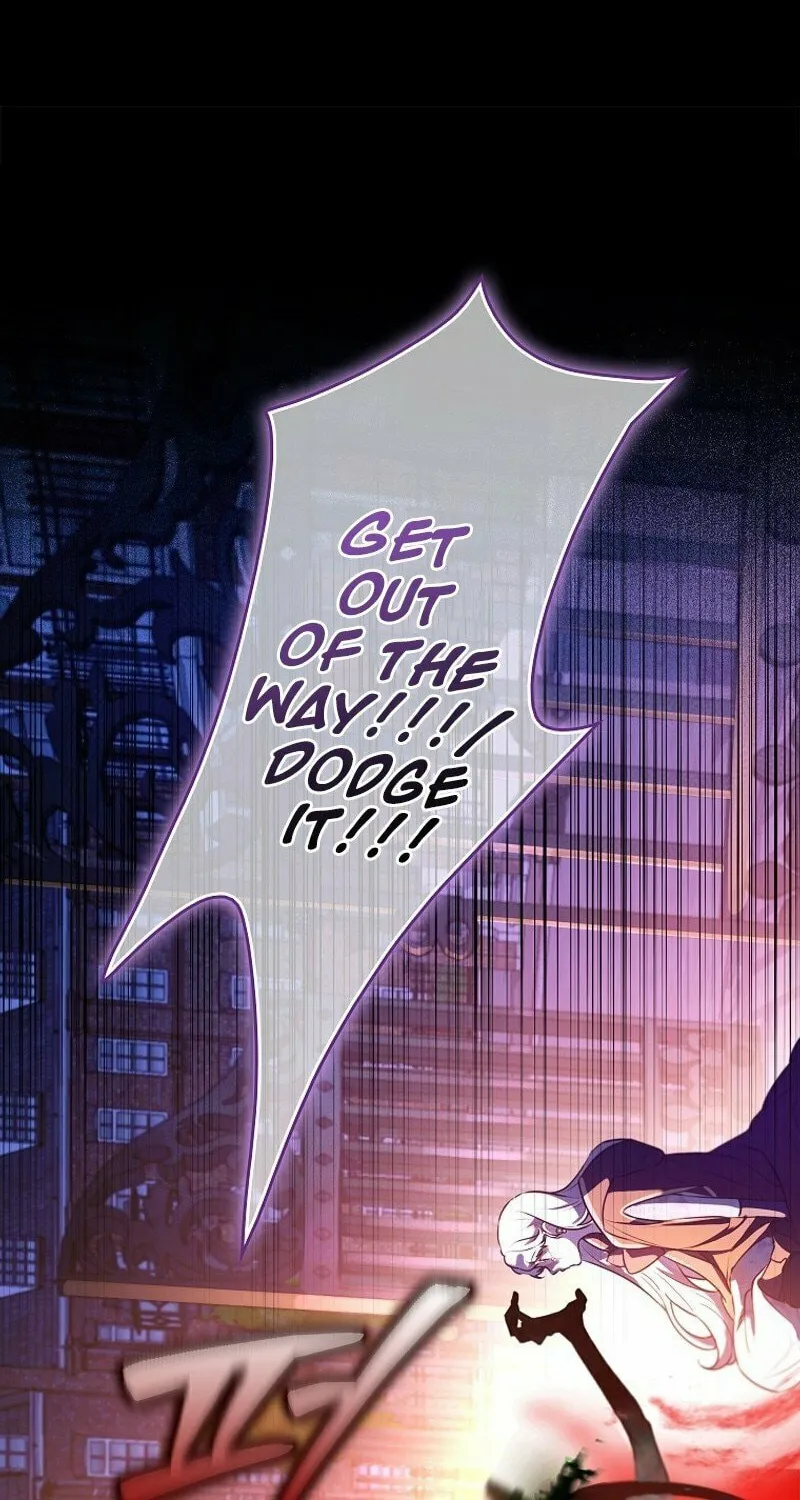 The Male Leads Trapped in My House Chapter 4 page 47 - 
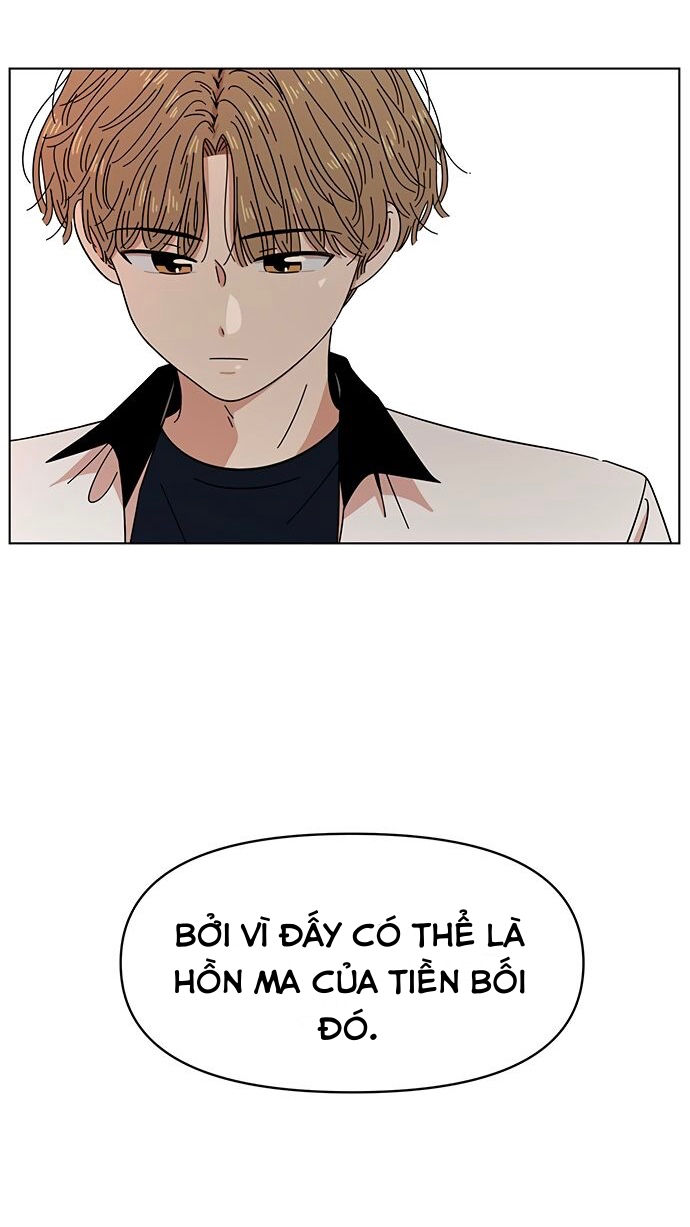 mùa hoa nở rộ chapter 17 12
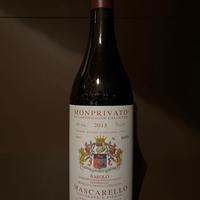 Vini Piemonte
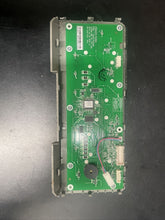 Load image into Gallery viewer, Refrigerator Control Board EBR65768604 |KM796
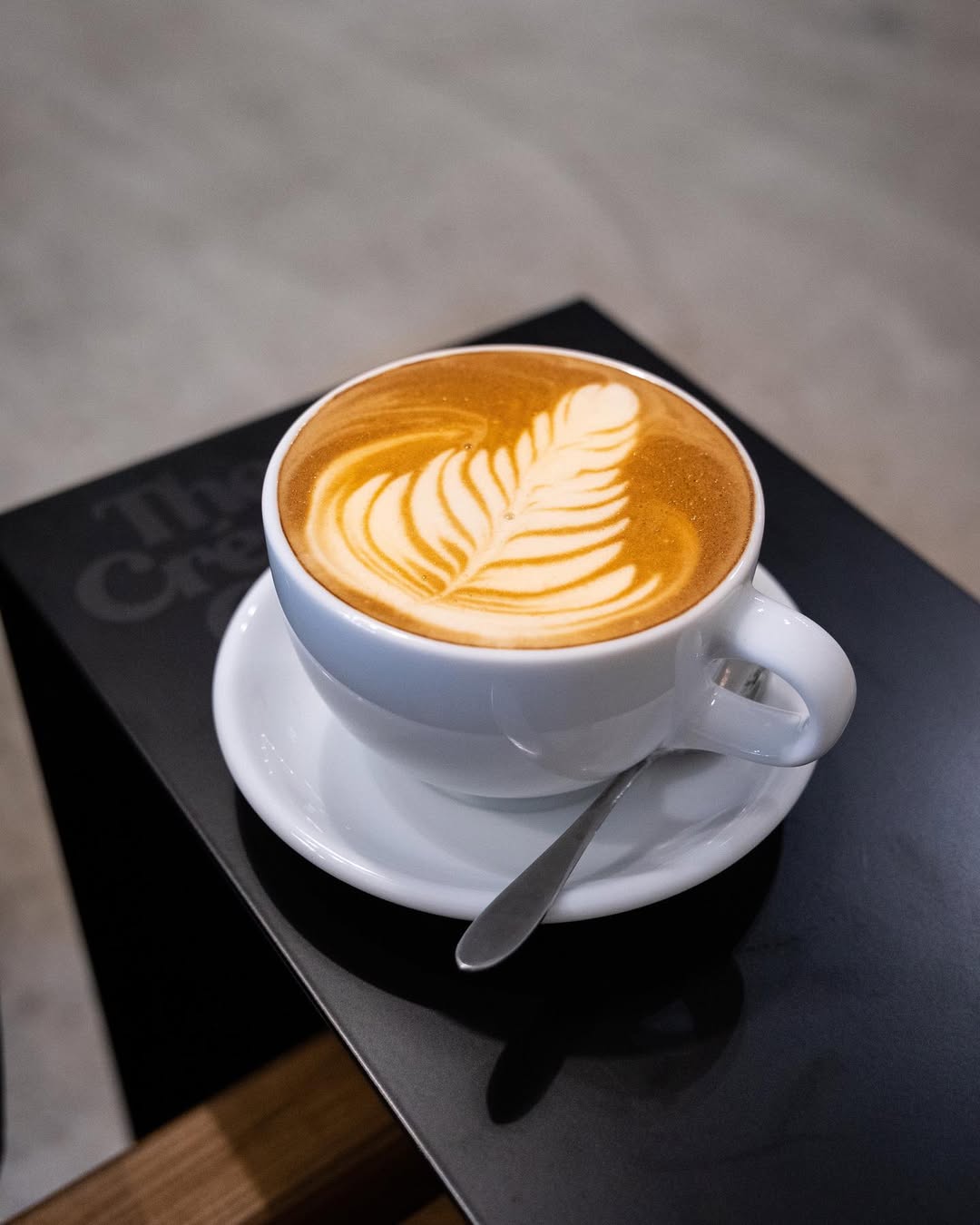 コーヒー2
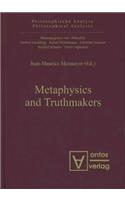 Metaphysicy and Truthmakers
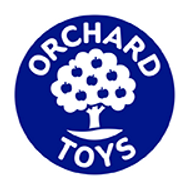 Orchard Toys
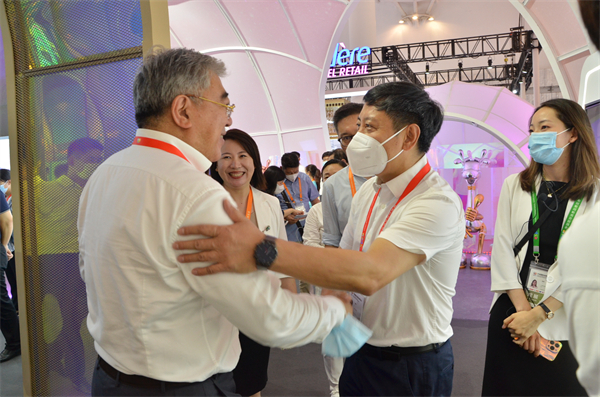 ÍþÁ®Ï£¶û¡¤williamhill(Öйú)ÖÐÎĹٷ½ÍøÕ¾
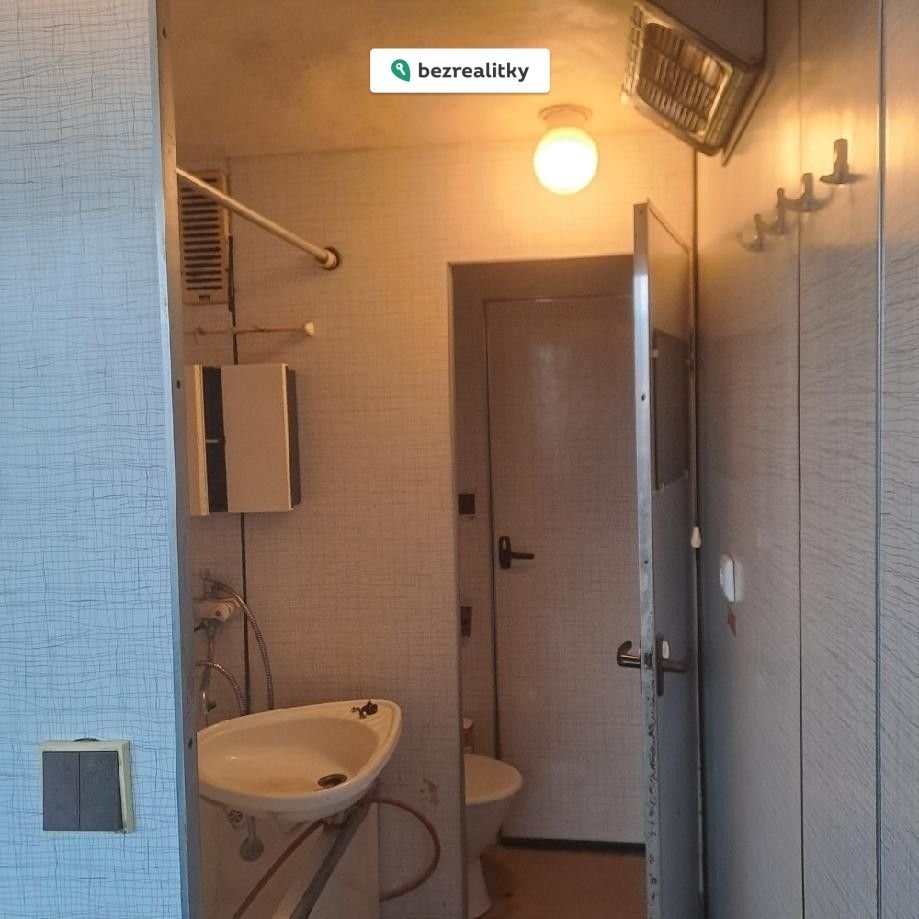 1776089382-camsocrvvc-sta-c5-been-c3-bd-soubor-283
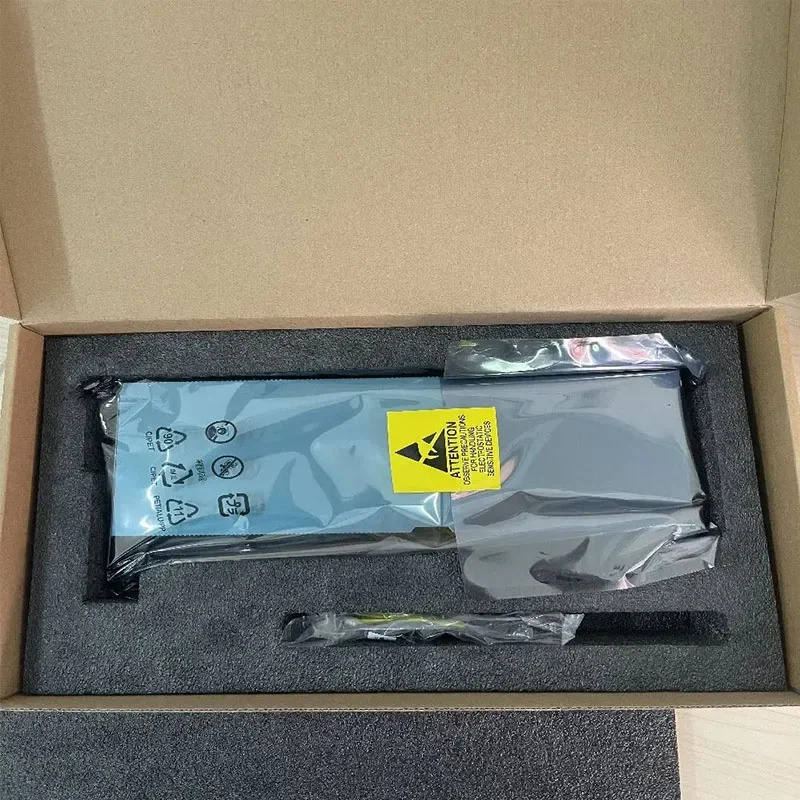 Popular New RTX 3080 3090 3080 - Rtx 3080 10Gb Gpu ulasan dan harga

###

> _Problem description_
Copying starts at the line containing "mùa hoa nở rộ chapter 17 12" and ends at the last line of the material above; repeat only those lines exactly and omit the pictures.

> _Solution to this task_
 mùa hoa nở rộ chapter 17 12
 Vini Piemonte
 Load image into Gallery viewer, Refrigerator Control Board EBR65768604 |KM796
 コーヒー2
 Metaphysicy and Truthmakers
 Orchard Toys
 ÍþÁ®Ï£¶û¡¤williamhill(Öйú)ÖÐÎĹٷ½ÍøÕ¾
 1776089382-camsocrvvc-sta-c5-been-c3-bd-soubor-283
 Popular New RTX 3080 3090 3080 - Rtx 3080 10Gb Gpu ulasan dan harga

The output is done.